From the Series: Sport
There are perhaps few areas of the socio-cultural worlds in which we live that bring out as explicitly as sport received assumptions about gender, ethnicity, social class and a host of other fundamental categories through which we organize our lives. From the spectacular conflation of nationalism and physical prowess (as witnessed, for example, in the just-opened Winter Olympics in a deeply troubled twenty-first-century Russia) to the quotidian work of improving one’s health, perfecting one’s jab, or working on one’s abdominals that the biopolitical order of things that we live in dictates we should engage in, sport brings out all the contradictions of the contemporary world. Gender and sexuality, cross-cut by ethnicity, religious affiliation, and social class, are probably some of the most important aspects of our lives that sport foregrounds. As the young kickboxing Dutch women whose parents or grandparents immigrated, several decades ago, to the Netherlands demonstrate, bodies are sites where assumptions, prejudices, subjectivities and constraints all collide, placing the meaning of gender, religion, and determinative structures of inequality on the table.
Rana’s fieldwork with young Dutch Muslim women who take up kickboxing and other martial arts confronts important aspects of Dutch and worldwide representations of the intersection of gender and ethnicity, which constructs ethnic femininity as antagonistic to sport and physical activity in general. On the contrary, Rana shows, these young women are very keen to engage in what is widely considered one of the more violent and aggressive forms of exercise, offered to them as a way of “empowering” youthful minority femininity. Yet this interest has the unsettling potential of falling right back into familiar ground: women (of whatever religion or ethnicity) are more interested in self-improvement and beauty than in fighting adversaries; whereas men fight competitors. It is perhaps the sad outcome of lives fighting both the gendered assumptions of conservative immigrant relatives and the deeply racist assumptions of a Dutch mainstream that gender differences in kickboxing practices should have such a familiar ring.

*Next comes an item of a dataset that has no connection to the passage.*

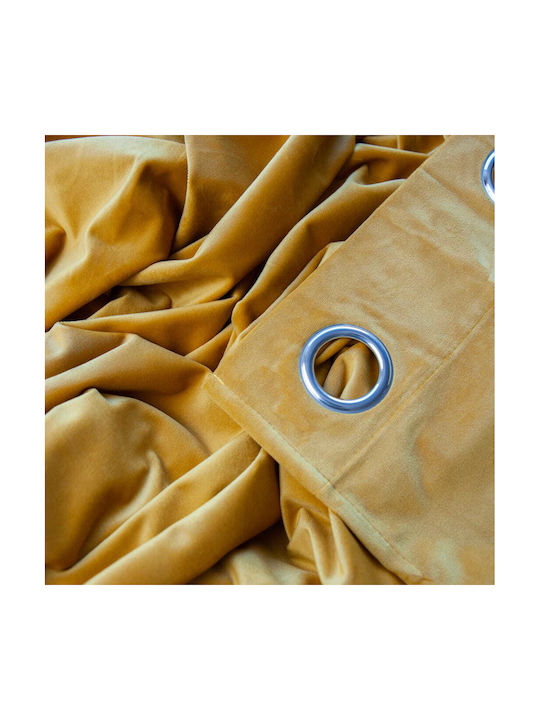 Cotton Market Затъмняваща Пердета С Копчета В Жълт 140x250см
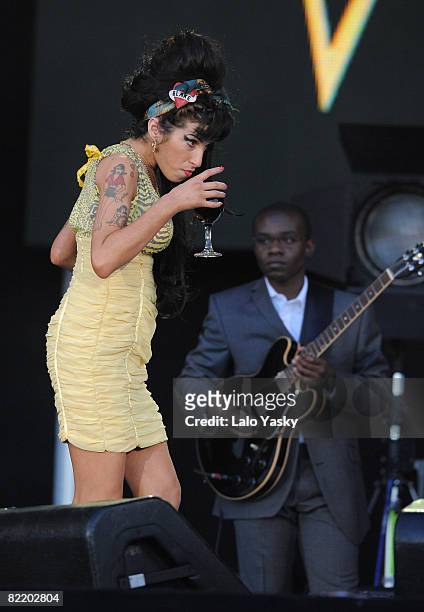 Singer Amy Winehouse performs at Rock in Rio Madrid in Arganda del Rey on July 4, 2008 in Madrid, Spain.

What I find particularly interesting about the gendering of kickboxing training is the way in which it echoes Bourdieu’s analysis of the physical attributes of particular sports in terms of class-based understandings of the body. He compared, for example, sport that involved an “instrumental relation to the body itself which the working classes express in all the practices centred on the body” (“How Can One Be a Sports Fan?” 1999, 438), such as rugby or boxing, with the middle-classness of activities like jogging and gym training, which do things to the body rather than with it, and develop a “body-for-others.” Similarly, in Rana’s fieldwork, men’s kickboxing training centralizes doing things with the body, while women’s training focuses on the body as an end. The transposition of a social class habitus onto a gendered one raises fascinating questions about the intersection of these categories, as well as minority groups’ relationship to the webs of distinction associated with them. Yet the entanglement of the material and the symbolic here is perhaps more complex, and the assumptions we make about how sport may offer progressive possibilities or, on the contrary, only serve to reinforce structural inequalities need to be examined carefully. In what way would an aggressive style of kickboxing offer young Dutch Muslim women “empowerment” possibilities in contrast to the use of the sport for toned abdominals and tight buttocks? Can a shapely body that conforms to mainstream ideals be in fact a way of asserting one’s place in society? Or is a focus on winning a kickboxing match a better way of claiming respect and dignity?
What this and other recent ethnographic works on sport demonstrates is that easily dismissed and trivialized socio-cultural forms like sport in fact constitute “the serious life,” to borrow Émile Durkheim’s celebrated phrase, while also challenging Durkheim’s understanding of where this seriousness is located. Sport can articulate all the tensions of the contemporary world, deepening some inequalities while exposing others. Just like beauty, athletic prowess has the potential of undermining the foundation up on which structural inequalities, such as wealth, pedigree, and race, are based—a fact that is not lost on successful athletes. At the same time, one hopes for a better future, in which sport can become an arena where differences in gender, sexuality, ethnicity, race, and multiple other factors of human difference are put to the test in fundamental ways, much more so than the reactive way in which young Dutch Muslim women kickboxers seem to be going about their practices with the encouragement of their trainers. One hopes for a much more fundamental engagement with Marcel Mauss’ representation of the body as “the first and most natural technical object of man, and at the same time his technical tool” ( 1983, 372). In other words, how is the body the nexus of social subjects’ engagements with structures on different scales? How can the body act as the mediating subject and object that Bourdieu sees in it, a means of collapsing the subjective and the objective? How do sports embody all the contractions of the world in which we live, leaving some aspects of it unchallenged while unsettling others?
Bourdieu, Pierre. 1999. "How Can One Be a Sports Fan?" In The Cultural Studies Reader, edited by Simon During, 427-440. 2nd ed. London: Routledge.
Mauss, Marcel. (1934) 1983. "Les Techniques sur le Corps. In Marcel Mauss: Sociologie et Anthropologie, 145-279. Paris: Presses universitaires de France.